L'histoire se situe donc quelques mois après les événements du premier film.

On retrouve Brigitte Fitzgerald, désormais en fuite et traînant de motels en abris d'un soir, les bras chargés de traces à force de se piquer. Grâce à la drogue qu'elle s'injecte, l'adolescente réussit à résister aux effets de la transformation. Pour autant, le mal progresse en elle et gagne progressivement du terrain. Pendant ce temps, un loup-garou rôde dans les parages et semble en vouloir particulièrement à Brigitte. Après qu'un type ait été attaqué, l'adolescente tente de prendre la fuite à nouveau et se retrouve enfermée dans un institut spécialisé. C'est là qu'elle fait notamment la connaissance d'une gamine plutôt débrouillarde ayant élu domicile dans le service depuis que sa grand-mère y soit entrée, à cause de graves brûlures. Autant dire que la vieille dame est réduite à l'état de momie coincée sur un lit d'hôpital.

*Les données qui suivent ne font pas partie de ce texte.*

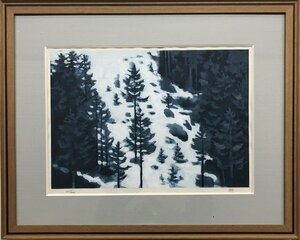 東山 魁夷【雪の後】木版画 リトグラフ 257/450 東山魁夷朱落款 1982年制作 額装 黄袋/タトウ入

La fillette, prénommée Ghost, vit au milieu des patients et soignants depuis des années. Ce qui n'est pas toujours facile. Malgré le caractère solitaire de Brigitte, celle-ci finit par se lier d'amitié avec la fillette avec qui elle s'enfuit de l'établissement. Toute deux se réfugient alors dans l'ancienne demeure de Ghost, un endroit isolé et totalement à l'abandon. Mais la créature rôde toujours et semble décider à vouloir s'accoupler avec Brigitte qui a de plus en plus de mal à réfréner ses instincts d'animal. 

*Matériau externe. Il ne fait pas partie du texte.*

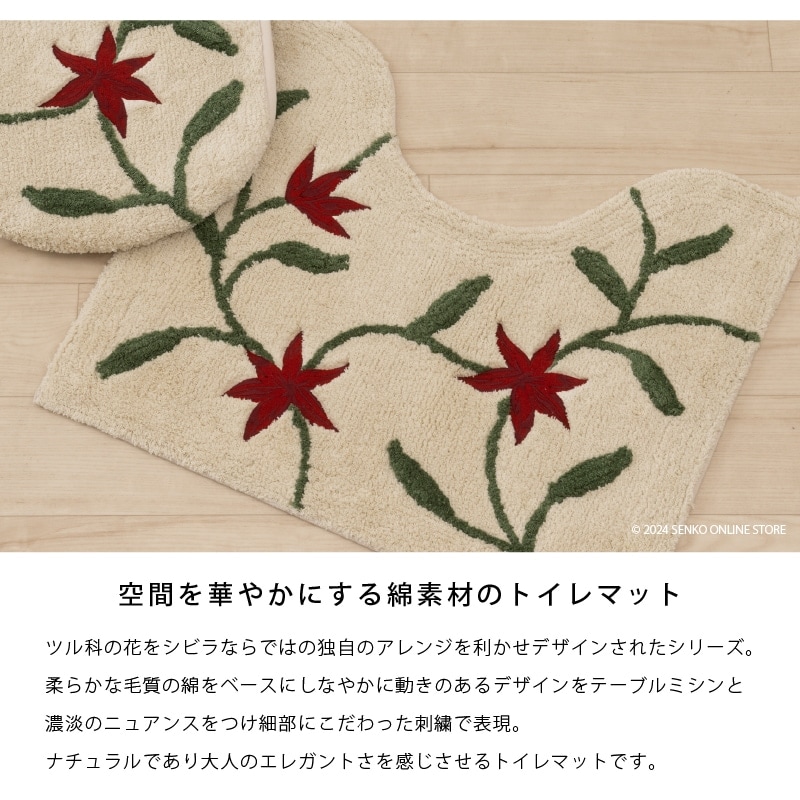 sybilla アメリア2 インテリアマット キッチンマット 約45×120cm グリーン ギフト箱入 引越祝 新築祝 24016 sybilla アメリア インテリアマット キッチンマット 約45× 180cm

Ce n'est d'ailleurs pas la seule menace qui plane, car la gamine au comportement étrange pourrait bien cacher un caractère beaucoup plus sombre. Premier bon point, si la réalisation de John Fawcett n'était absolument pas maîtrisée dans le premier opus, c'est totalement le cas ici.

Brett Sullivan, qui prend la relève, soigne ses cadrages et instaure une ambiance étrange où la menace peut surgir à tout moment. En outre, les attaques du loup garou sont beaucoup plus violentes et clairement plus lisibles (finie la caméra tremblotante). Jouant sur le suspense plus que sur les effets chocs, ce second Ginger Snaps s'avère beaucoup plus sombre que son modèle et la traque du loup garou envers Brigitte s'apparente à celle du chasseur ne lâchant jamais sa proie. 

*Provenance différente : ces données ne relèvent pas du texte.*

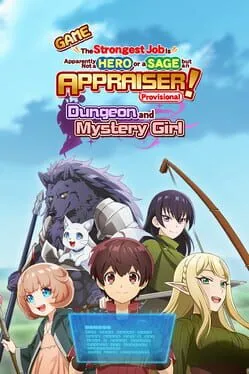  Game the Strongest Job Is Apparently Not a Hero or a Sage, but an Appraiser (Provisional)!: Dungeon and Mystery Girl  cover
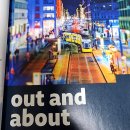 공손 | 전주 성인영어학원 이엘어학원 수업 후기 @ 공손한 영어 억양 배우기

Ce qui est finalement logique au vu de l'histoire. Enfin, si l'interprétation des comédiens pouvait s'avérer contestable dans le premier film, ce n'est plus le cas ici. Emily Perkins est parfaite dans le rôle de Brigitte, tout comme Katharine Isabelle qui reprend le rôle d'une Ginger fantomatique, ayant toujours le contrôle sur sa frangine. Mais, la plus grande surprise vient de la jeune Tatiana Maslany qui interprète Ghost. Cette gamine au comportement un peu bizarre va progressivement révéler un visage de fille manipulatrice et complètement cinglée. Personnellement, même si j'ai apprécié le premier opus, je trouve que cette suite est largement meilleure, voire franchement excellente, exception faite d'une scène tellement ridicule qu'il y a de quoi se demander son utilité, entre autres la séance de relaxation qui se transforme en séance de masturbation féminine et collective. 
Mais hormis cette séquence, Ginger Snaps 2 : Résurrection reste, à mes yeux, le meilleur épisode de la saga.